New ODI rules and faulty bowling shackle Dhoni
MS Dhoni walked slowly near the boundary of the Mahinda Rajapaksa International Cricket Stadium near Hambantota, the notorious wind howling across from the forest behind him. But his thoughts were on something else, his eyes warily sizing up the outfield, easily one of the biggest in international cricket. His first reaction: "It will be very difficult to stop twos and threes on this ground." It was an instant, momentary glimpse into how Dhoni's mind works. Almost immediately, he moved on to pleasantries about the remoteness of the area.
The Hambantota trip was in July 2012. Already, the introduction of two new balls had snatched away reverse swing and the last remaining signs of attacking spin bowling in ODIs. With specialist bowlers who have made him lament the absence of Yuvraj Singh's part-time slow left-armers, Dhoni's problems were to be aggravated, especially in home conditions: A couple of months later, the maximum number of deep fielders was reduced to four from five. For a man who won the World Cup with an ageing team, and two years later, the Champions Trophy with a raw squad, this new combination of unreliable bowlers and unfavourable rules poses a daunting challenge.
Dhoni's limited-overs captaincy, and by unfortunate extension, at times his Test captaincy, is about damage control. He hates conceding runs. Not that other captains enjoy giving them away, but in Dhoni's case, it is the core philosophy of how he operates. At times, a fumble or a late reaction from a deep fielder will make him punch one gloved hand with the other in frustration. You will seldom see a similar reaction from him for a dropped catch.
Dhoni does not take wickets to restrict runs. He restricts runs to take wickets. That is why he likes and backs Ravindra Jadeja so much. That is why he has so much time for Pragyan Ojha, in Tests. He waits and waits for an opportunity and then moves in like a boa constrictor. As soon as the Australia openers fell in Mohali, he turned to Jadeja and Yuvraj, who darted the ball in backed by a packed leg-side field. The runs dried out. The asking-rate increased. Australia lost crucial middle-order wickets. The Dhoni formula seemed to be working again, till James Faulkner v Ishant Sharma happened.
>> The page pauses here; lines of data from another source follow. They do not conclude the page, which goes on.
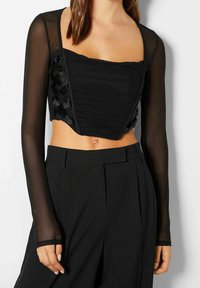Top nero aderente con texture arricciata e maniche lunghe trasparenti. Presenta un dettaglio in pizzo sui lati e uno scollo quadrato.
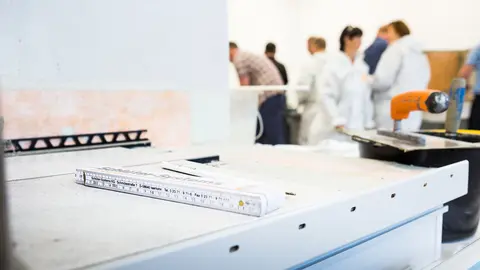 Ebene Arbeitsfläche in eimem Schulungsraum mit Profilkante, Zollstock, Kelle, Spachtel und Schulungsteilnehmern im Hintergrund
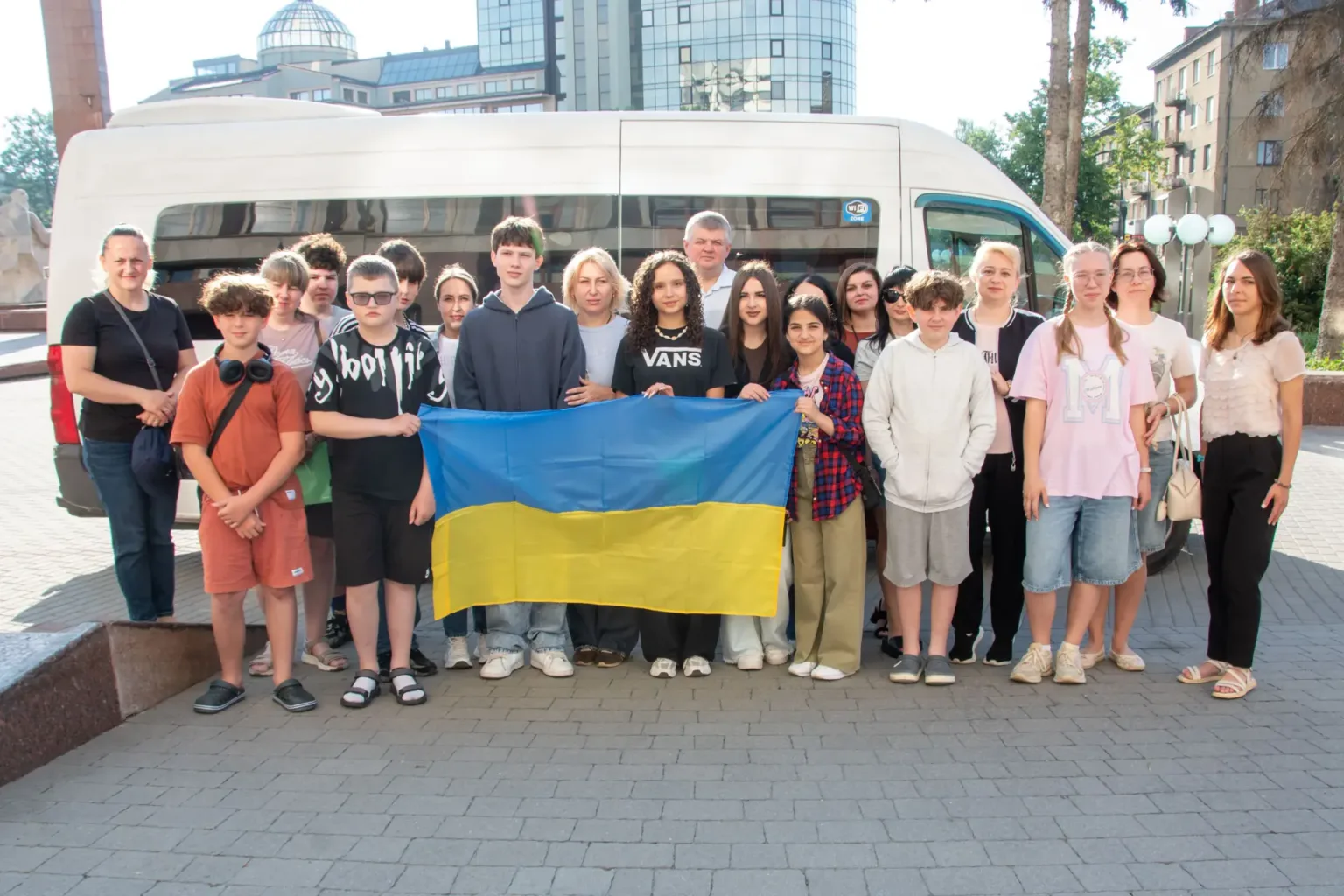 Група людей з українським прапором біля мікроавтобуса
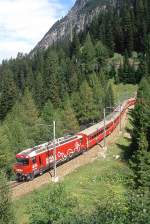 RhB Regio-Express 1140 von St.Moritz nach Chur am 21.08.2008 unterhalb Zuondra-Tunnel mit E-Lok Ge 4/4 III 642 - B 2264 - A 1228 - A 1282 - A 1283 - B 2392 - B 2432 - B 2367 - D 4215  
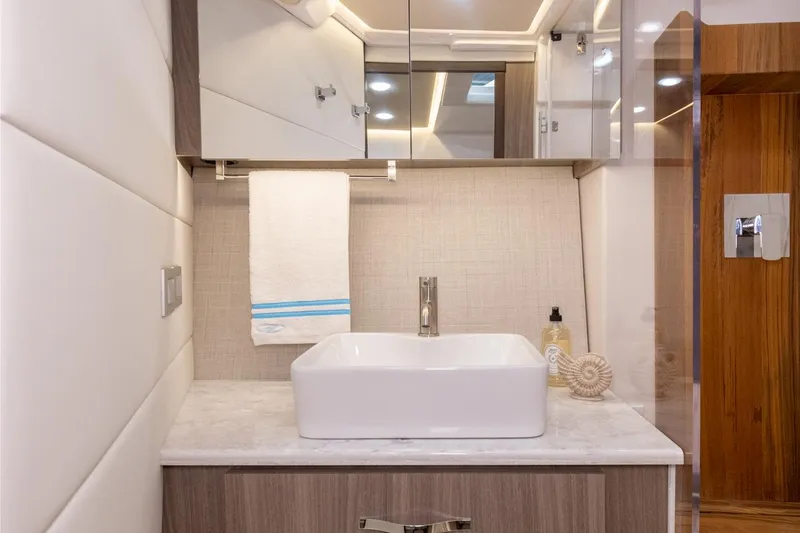 Slide: The Image of Luxurious cabin interior of 2021 Regal 36 XO yacht with cozy bedding. - 24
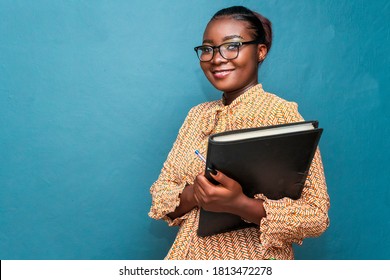 Bold,beautiful and confident African business woman or teacher holding a black file,isolated on blue studio background - Shutterstock ID 1813472278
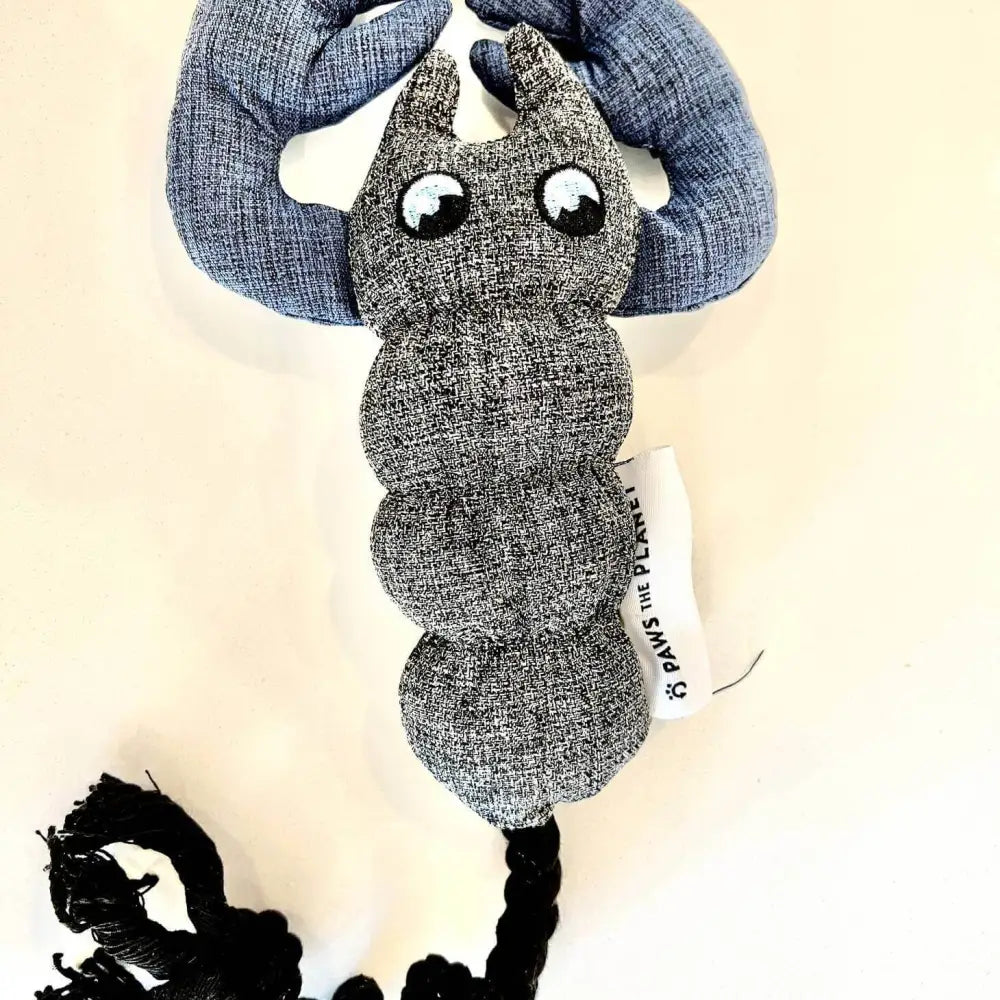 Eco-conscious lobster dog toy: gray plush caterpillar from recycled fabrics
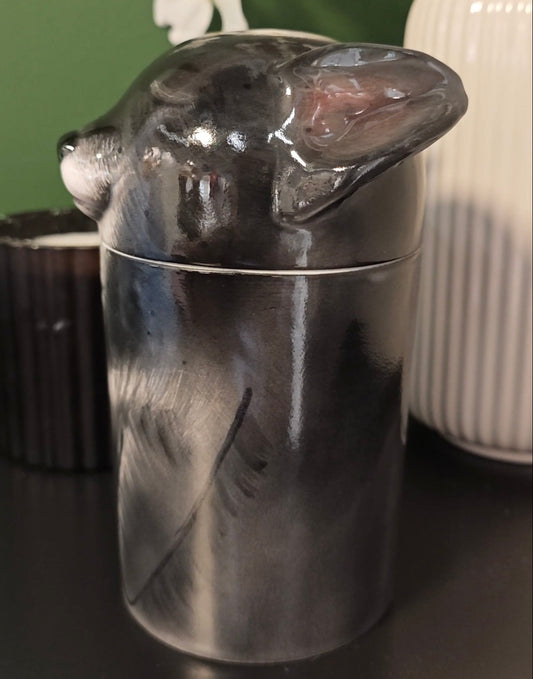 Left-side view of a hand-painted black dog memorial urn with folded-ear detail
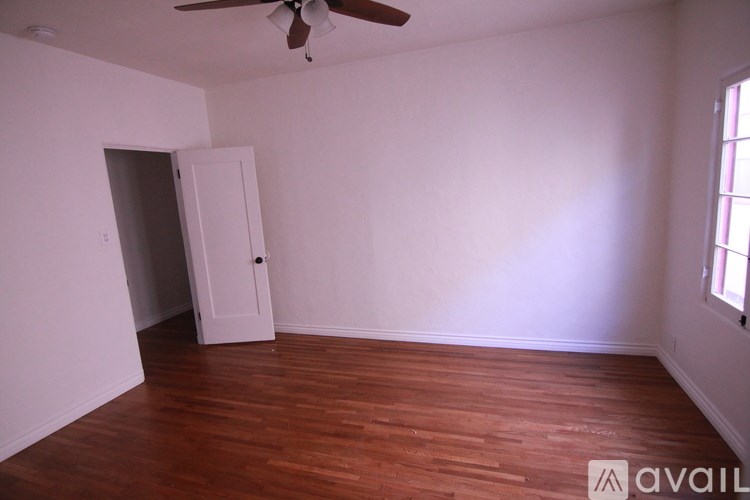A room with a ceiling fan and a door leading to another room.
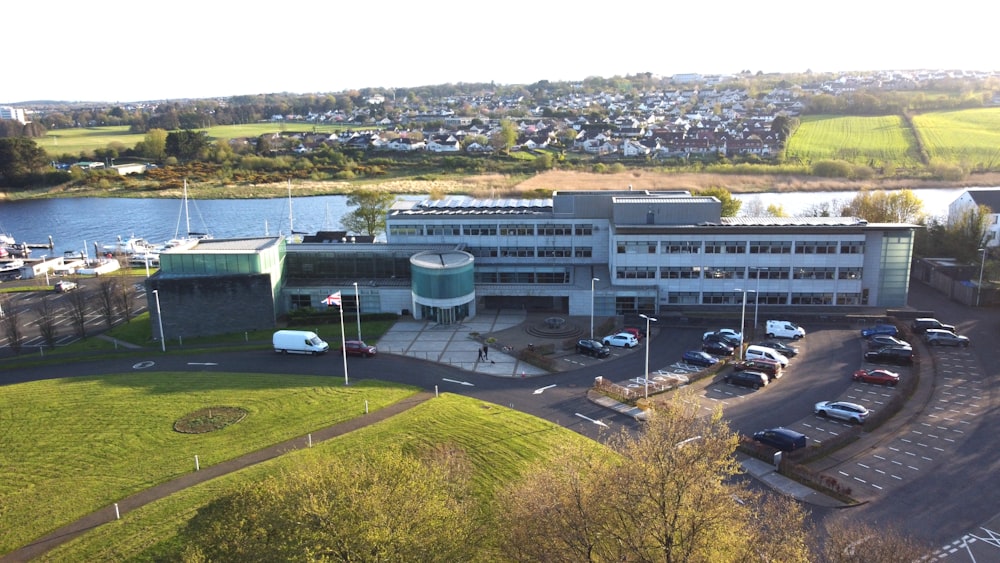 an aerial view of a building with cars parked in front of it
It is easy to label him defensive, but there is a contributing factor to why his style is the way it is. Dhoni's never had the kind of ODI bowlers who can consistently deliver wickets without going for runs. He does not have a Mitchell Johnson who can run through a line-up with extreme pace and bounce. He does not have a Saeed Ajmal who can contain as well as strike reliably.
When he's found someone like a Bhuvneshwar Kumar, who delivers more often than not with the new ball, he's given him extended spells at the start. Bhuvneshwar is a limited bowler at the moment, and Dhoni tries to maximise his strength with the new ball. But even a Bhuvneshwar is a rarity for Dhoni.
Over a large period of his captaincy, Dhoni also had the headache of where to hide several slow men on the field. Though India's young batsmen have upped the standards considerably, Dhoni still has to deal with where to place R Ashwin and Ishant - both not exactly assets on the field. One wonders his plight if he had to operate under the restriction of four deep fielders with some of the older sides he's led.
The India captain has been quite vocal about his discomfort with the new rule that has compounded his worries of minimising the damage his bowlers frequently inflict upon his batsmen. Five deep fielders were about the only hedge Dhoni had against bowlers who regularly panic and lose their discipline at the death. For a captain who isn't comfortable with "spoon-feeding" bowlers, he's increasingly started to run to them when they do the exact opposite of what the field is set for, which is often.
His exasperation was clear at the toss in Mohali where he said something to the tune of "I don't know what they want us to do" with all the new rules. The impact is being felt acutely in home ODIs played on placid pitches. India have already lost six of 11 home games in the past year playing with four deep fielders. Over the same period between 2011 and 2012, they'd lost one in ten matches at home. With one less man to protect the boundary, Dhoni has a serious challenge on his hands and it will have to be somehow tackled on the field working with the same set of bowlers. Having probably the most powerful ODI batting line-up has worked as an insurance against profligate bowlers in the past but it might no longer suffice.